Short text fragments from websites
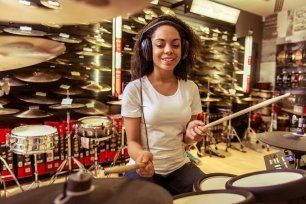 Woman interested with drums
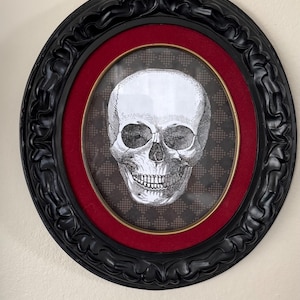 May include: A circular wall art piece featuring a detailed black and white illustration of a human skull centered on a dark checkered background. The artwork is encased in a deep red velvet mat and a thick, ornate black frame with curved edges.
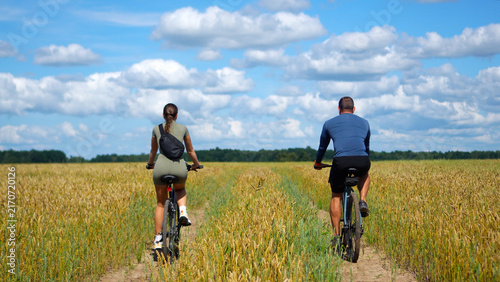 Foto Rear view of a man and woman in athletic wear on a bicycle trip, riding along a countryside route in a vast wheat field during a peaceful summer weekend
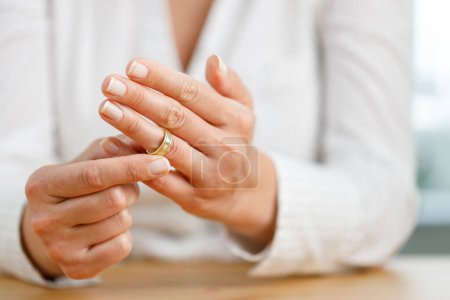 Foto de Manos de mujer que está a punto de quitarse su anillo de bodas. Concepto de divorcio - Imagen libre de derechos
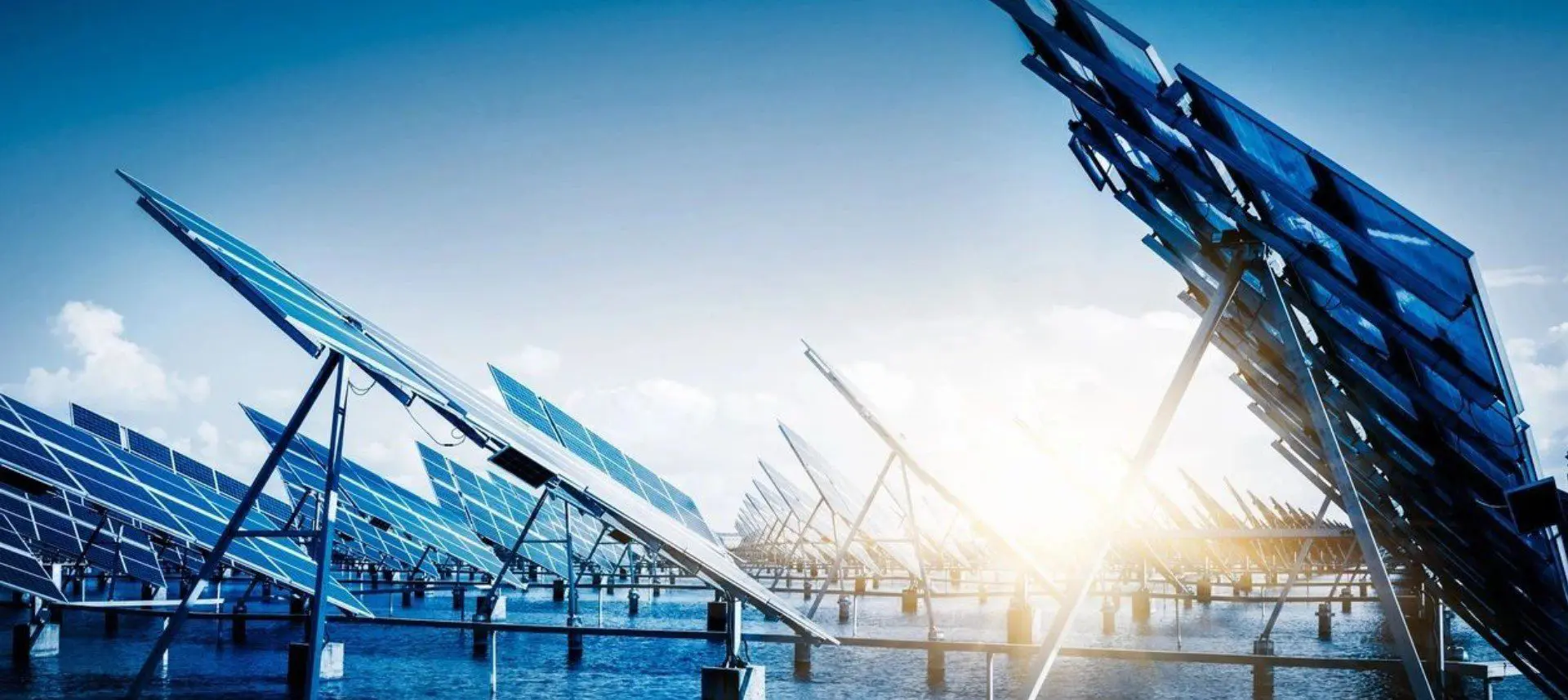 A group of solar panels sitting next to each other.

* _What the exercise asks_
Please give back exactly the lines from the first line of the records above through the line containing "May include: A", only those and both included, with the pictures removed.

* _Answer to the problem_
 Woman interested with drums
 May include: A circular wall art piece featuring a detailed black and white illustration of a human skull centered on a dark checkered background. The artwork is encased in a deep red velvet mat and a thick, ornate black frame with curved edges.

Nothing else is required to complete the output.